Intervista al dottor Antonio Gaetano Rampoldi, direttore della Struttura Complessa di Radiologia Interventistica del Niguarda di Milano.

 

 

La congestione pelvica è una patologia che provoca dolore cronico e colpisce il 15-20% della popolazione femminile. I sintomi possono essere anche molto invalidanti per la qualità di vita della donna e includono:

 

▪ Dolore forte e costante, intermittente o acuto;

▪ Pressione a livello pelvico;

▪ Dolore durante il rapporto sessuale;

▪ Dolore durante la minzione;

▪ Dismenorrea (dolore in concomitanza con il ciclo mestruale);

▪ Dolore quando la paziente rimane seduta a lungo.

 

Molte donne devono convivere con questo dolore invalidante per anni prima di riuscire a ricevere una diagnosi e un adeguato trattamento perché si tratta di un problema difficile da diagnosticare e la stessa sintomatologia è comune a molte altre patologie con cause anche molto diverse, ad esempio:

▪ Adenomiosi

▪ Disfunzioni vescicali

▪ Tumori del tratto riproduttivo

▪ Gravidanza ectopica

▪ Endometriosi

▪ Fibromialgia

▪ Ernia

▪ Disturbi intestinali

▪ Sindrome dell’intestino irritabile

▪ Infezioni o calcoli renali

▪ Dolori mestruali

▪ Aborto

▪ Condizioni nervose

▪ Cisti ovariche

▪ Ovulazione

▪ Sindrome della vescica dolorosa e cistite interstiziale

▪ Malattia adesiva pelvica

▪ Dolore del pavimento pelvico

▪ Malattia infiammatoria pelvica

▪ Abusi fisici, sessuali o psicologici

▪ Dolore psicogeno

▪ Infezioni trasmesse sessualmente

▪ Fibromi uterini

La congestione pelvica o insufficienza venosa pelvica è una delle principali cause di dolore pelvico cronico (che affligge fino al 40% delle donne) ed è caratterizzata dalla presenza di vene varicose nel bacino.

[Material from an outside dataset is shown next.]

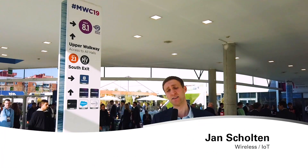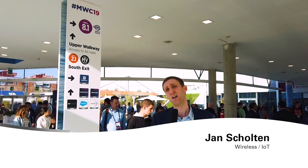Hello and welcome here at Barcelona at the MWC, the Mobile World Congress 2019. I'm Jan from the Wireless IoT Team and today I will show you five news from this exhibition — stay tuned and let's go check out the latest news.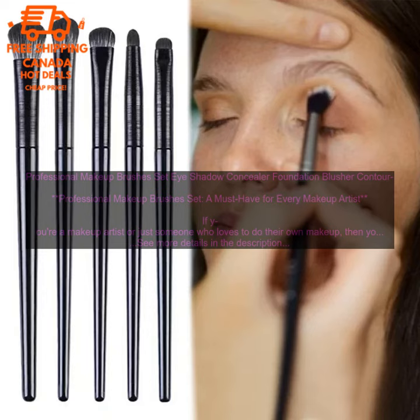If you're looking for a professional makeup brushes set that will last, then this is a great option for you. It's perfect for makeup artists and anyone who loves to do their own makeup.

La vena ovarica si dilata a causa di un’insufficienza valvolare o dell’ostruzione al flusso determinando disturbi della circolazione. La gravità spinge il sangue verso il basso, nel bacino, provocando la formazione di vene varicose.

In Italia circa 370.000 donne soffrono di insufficienza venosa pelvica.

Le varici pelviche si presentano soprattutto nelle donne in età fertile (con una percentuale più alta nelle donne che ha avuto più parti).

La patologia è diagnosticabile tramite ecografia transvaginale e può essere trattata con una procedura mininvasiva di embolizzazione delle vene ovariche dal radiologo interventista.

La procedura viene eseguita tramite accesso mini-invasivo della vena femorale (o giugulare interna). Dopodiché, tramite l’utilizzo di un catetere, si procede con l’embolizzazione della vena ovarica per eliminare il reflusso venoso, riducendo così il dolore della paziente.

La procedura ha un tasso di efficacia molto alto, presenta pochi effetti collaterali e ha una bassa invasività.

Il primo caso di embolizzazione di varici ovariche è stato descritto da Edwards et al nel 1993.

In letteratura sono presenti numerosi studi clinici che dimostrano sicurezza ed efficacia del trattamento di embolizzazione. Lo studio condotto da Guirola et al. (2018) riscontra una riduzione del dolore pelvico cronico nel 90% delle pazienti trattate.